• **Problem to work on**: When you reach the line containing "Artista ecuatoriana aparece", start transcribing exactly and continue through the last line of the data, skipping every picture.

• **Data excerpt**:
· · · · · · ·
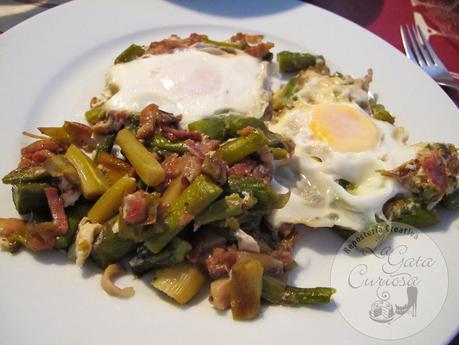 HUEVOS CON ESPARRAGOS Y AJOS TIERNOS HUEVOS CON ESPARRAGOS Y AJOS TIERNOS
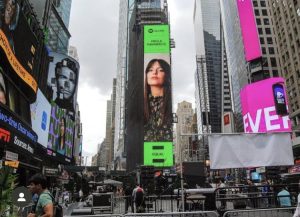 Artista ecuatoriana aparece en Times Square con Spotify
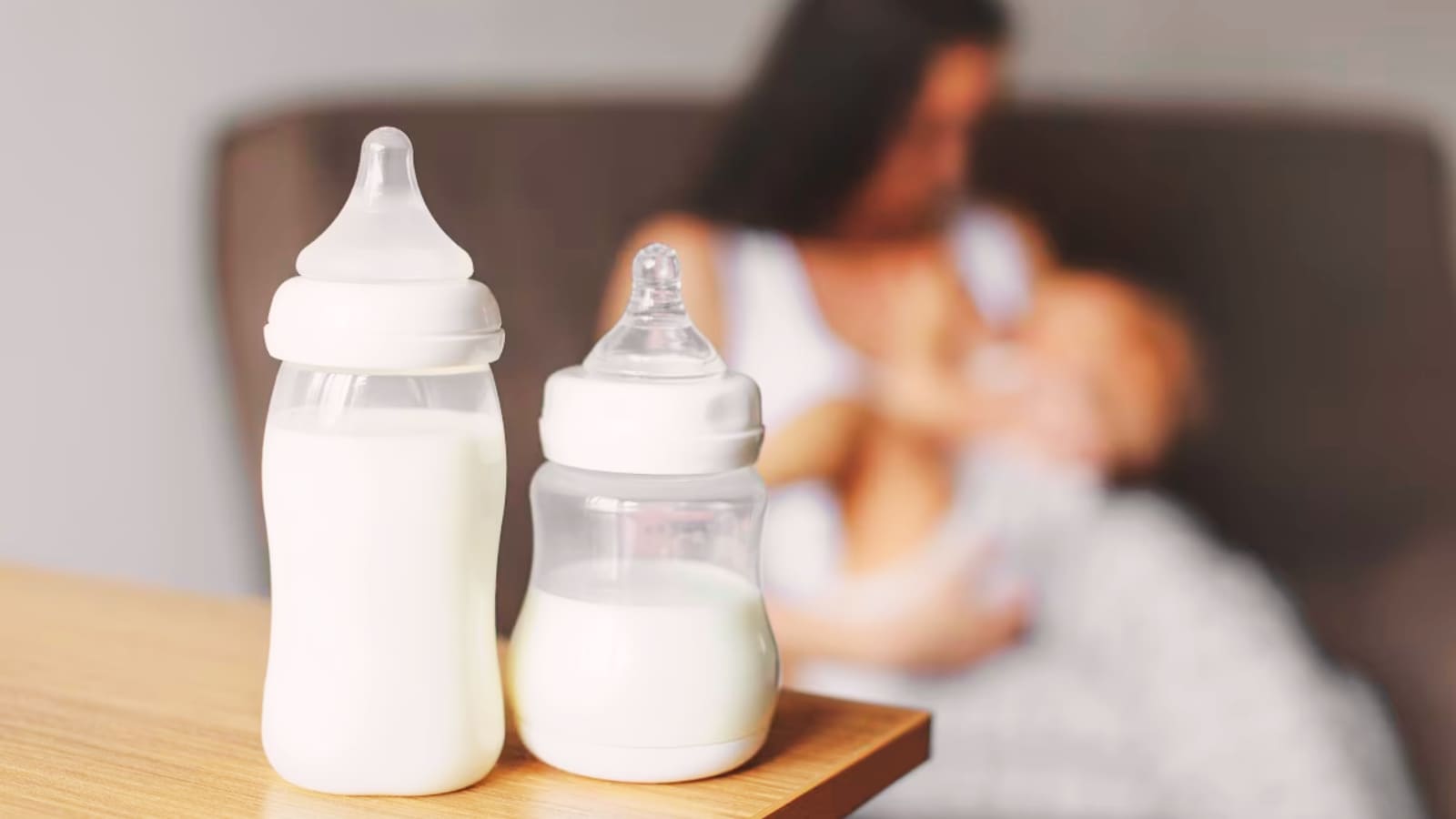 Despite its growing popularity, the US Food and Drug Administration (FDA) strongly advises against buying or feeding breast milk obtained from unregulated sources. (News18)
· · · · · · ·
• **Expected answer**:
 Artista ecuatoriana aparece en Times Square con Spotify
 Despite its growing popularity, the US Food and Drug Administration (FDA) strongly advises against buying or feeding breast milk obtained from unregulated sources. (News18)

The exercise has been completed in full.